はじめに
永住ビザは更新の必要がありませんが、在留カードの更新は7年ごとに行う必要があります。
このコラムでは、永住権を取得した後に行うべき手続きや注意点についてお伝えします。
永住権を取得した後の在留カードの更新手続き
「永住者」の在留カードの有効期間は7年です。在留カードの有効期間満了日の2か月前から満了日までの間に、「在留カードの有効期間の更新申請」を行う必要があります。
出張や留学で長期間日本を離れる場合、申請期間内に再入国できない場合でも、上記の申請期間前に更新手続きを行うことができます。
また、永住者が16歳未満の場合は、有効期限が16歳の誕生日までとなるため、16歳の誕生日の6カ月前から申請が可能です。16際になると、在留カードに写真が貼られます。
在留カード更新手続きの流れ
在留カード更新手続きは、非常に簡単で、以下の順番で行います。
①在留カード有効期間更新申請書、写真(16歳以上の場合)、パスポート、在留カードを用意します。

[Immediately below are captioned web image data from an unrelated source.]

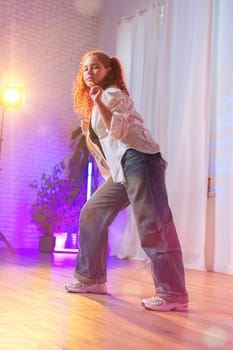 A young woman with curly red hair, wearing a white shirt and blue jeans, dances in a studio. The background is blurred, featuring a brick wall, white curtains, and colored lights.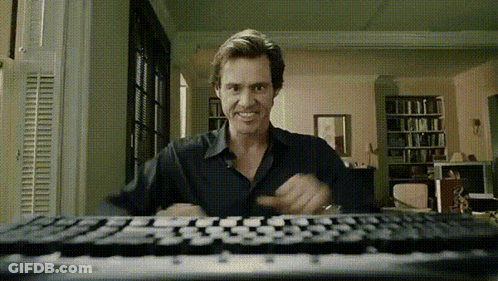 Man Sitting At Keyboard In Living Room GIF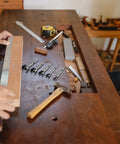 Top Shelf 5 Piece Forstner Drill Bit Set Woodworking Hinge Cutter Round Shank Multi Tooth Bits For Hardwood Softwood Plywood on workbench.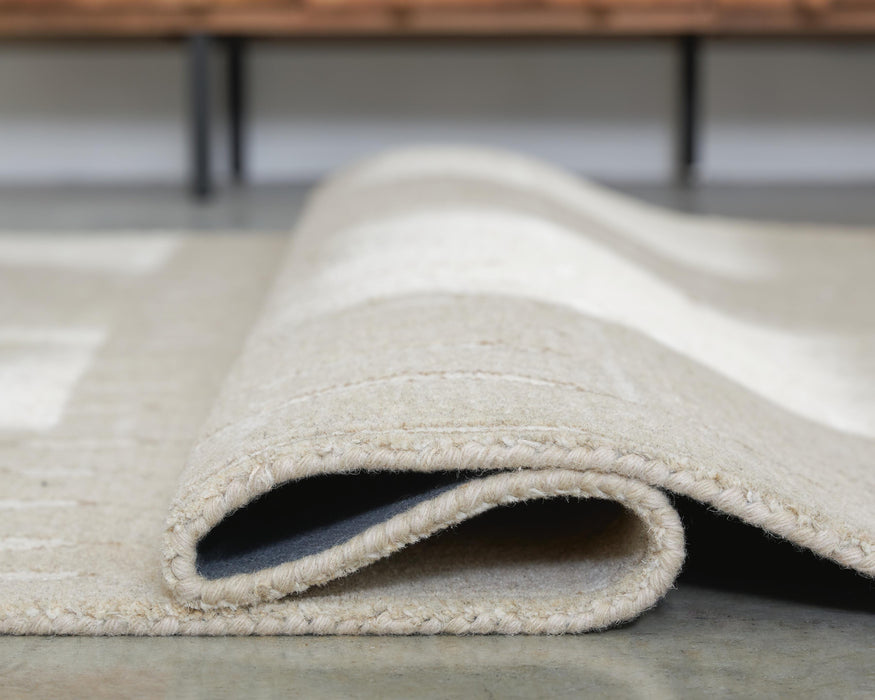 Wolbert 7'8" x 10' Area Rug - LasVegasFurnitureOnline.com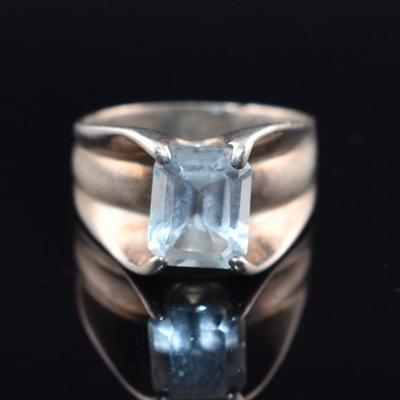 Sterling Silver 3 Carat Emerald-Cut Blue Topaz Grasped Ring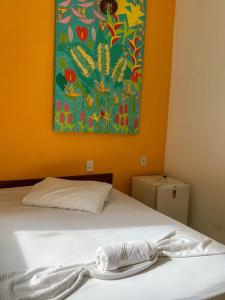 a bed in a room with a painting on the wall at Pico das Praias Suites in Itacaré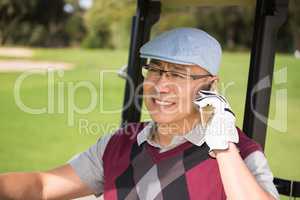 Golfer smiling and calling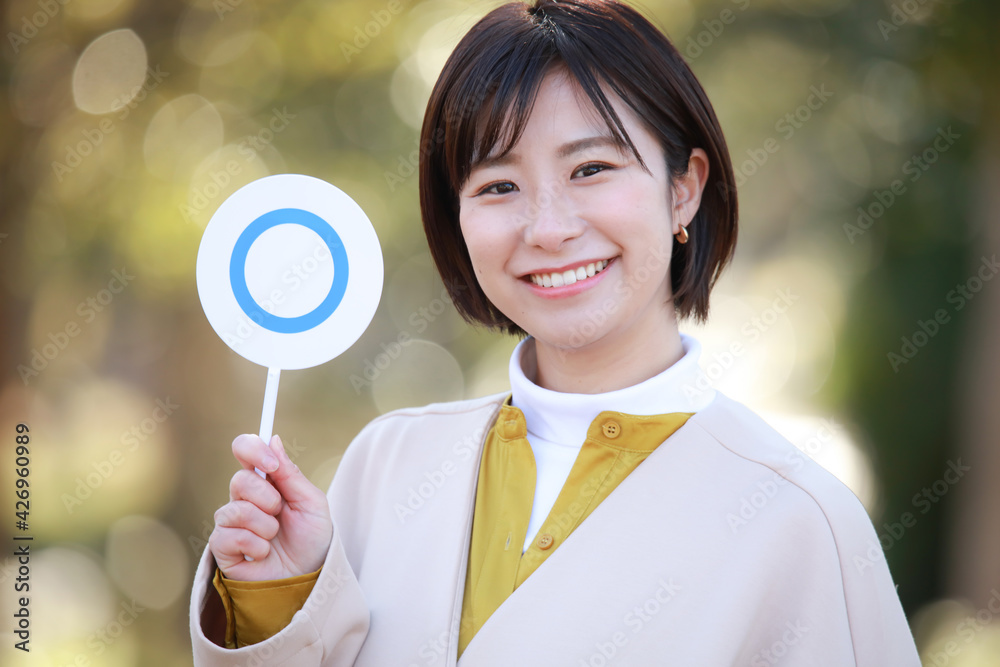 〇札を持つ女性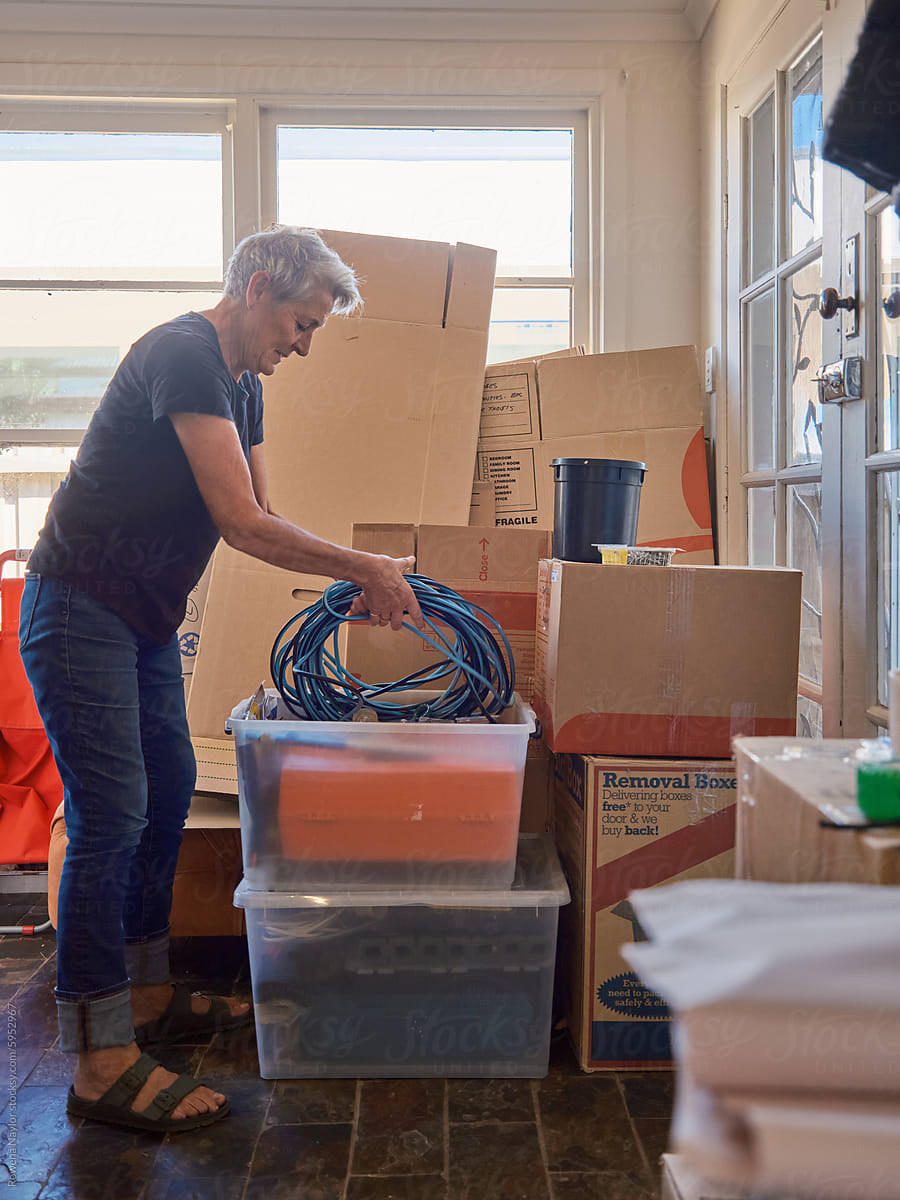Woman packing cables into box during house move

②住まいを管轄する入国管理局に提出します。また、オンライン申請も可能です。
③たいていは即日交付されます。費用はかかりません。
更新手続きができる人
・申請人(16歳以上の場合)
・同居する16歳以上の親族(16歳未満の場合、住民票など申請人の親族であることを証明する書類および委任状が必要)
・行政書士などの取次者
更新に必要な書類
・在留カード有効期間更新申請書
・写真(16歳以上の場合)
・パスポート(提示のため)
・在留カード(提示のため)
永住許可が取り消されるケース
以下の3つのケースでは、永住ビザを失う可能性があります。
1.犯罪や重い法律違反をした場合
以下のような犯罪や法律違反を行い、実刑判決を受けた場合には、素行が善良でないため、母国への強制送還の対象となり、永住権も取り消されます。
・無期または1年を超える懲役・禁錮で、刑務所に収容された場合
・麻薬や覚せい剤の使用や所持で有罪となった場合
・売春に係る仕事をした場合
・悪質な納税義務違反をした場合
・社会保険料の未納(今後取り消しの対象となります)
などです。
2.再入国許可の有効期間を超えて海外に滞在した場合
永住者日本から出国する際には、「再入国許可」が必要です。この許可を得ずに出国した場合、永住許可は取り消されます。
また、再入国許可を受けていても、有効期間内に帰国できなければ永住許可は取り消されます。日本に再度入国する場合は、査証の取得から始める必要があります。
再入国許可には「みなし再入国許可」と「再入国許可」の2種類があります。
日本からの出国が1年以内の場合
出国時に空港の入国審査官に対し、「一時的な出国であり再入国の意思がある」ことを告げて、みなし再入国許可の申請を行います。
具体的には、出国時に「再入国出入国記録」用紙の「一時的な出国であり、再入国する予定です」欄にチェックを付けるだけです。
日本からの出国が1年を超える場合
再入国許可は事前に入国管理局で手続きを行います。永住者には最長5年間の有効期間が与えられ、仮に5年間の有効期間内に日本に戻れない場合でも、日本大使館などの在外公館で1年の延長が可能です。このため、永住者は5年間の再入国許可を取得することをお勧めします。
また、特別永住者は最長6年間の有効期間で、特別な事情がある場合にはさらに1年間の延長が可能です。
3.在留カードの更新をしない場合
永住許可には有効期間はありませんが、在留カードには有効期間があります。16歳以上の場合は発行から7年後、16歳未満の場合16歳の誕生日までが在留カードの有効期間となります。永住者が有効期限内に更新を行わなくても、永住者には在留期間の定めがないため、不法滞在とはなりません。
ただし、期限内にカードの更新をしないと、1年以下の懲役または20万円以下の罰金に処せられる可能性があり、1年以下の懲役を受けると退去強制事由に該当し、永住許可が取り消される場合があります。
もし在留カードの有効期限が過ぎている場合は、すぐに入国管理局で更新手続きを行ってください。
その際、理由書に「期限超過の理由」「反省の意思表示」「今後の対策」を記載し、提出することをお勧めします。
まとめ
永住権を取得した後は、在留カードの更新手続きが必要です。在留カードは7年ごとに更新が必要で、16歳未満の場合は16歳の誕生日までが有効期限です。更新手続きは簡単で、必要書類を準備し、入国管理局で申請します。更新をしない場合、罰金や懲役の可能性があり、永住権が取り消されることもあります。
また、永住権が取り消される主な理由は次の3つです。1つ目は犯罪や重大な法律違反で有罪判決を受けた場合、2つ目は再入国許可の期限を超えて海外に滞在した場合、3つ目は在留カードを更新しなかった場合です。特に再入国許可については、1年以上日本を離れる際には事前手続きが必要です。
たとえ永住許可を取得していても、他の在留資格と同様に、日本の法律やルールを守らなければ永住権は取り消されることになります。
ご不明点がある場合は、行政書士に相談するのも一つの方法です。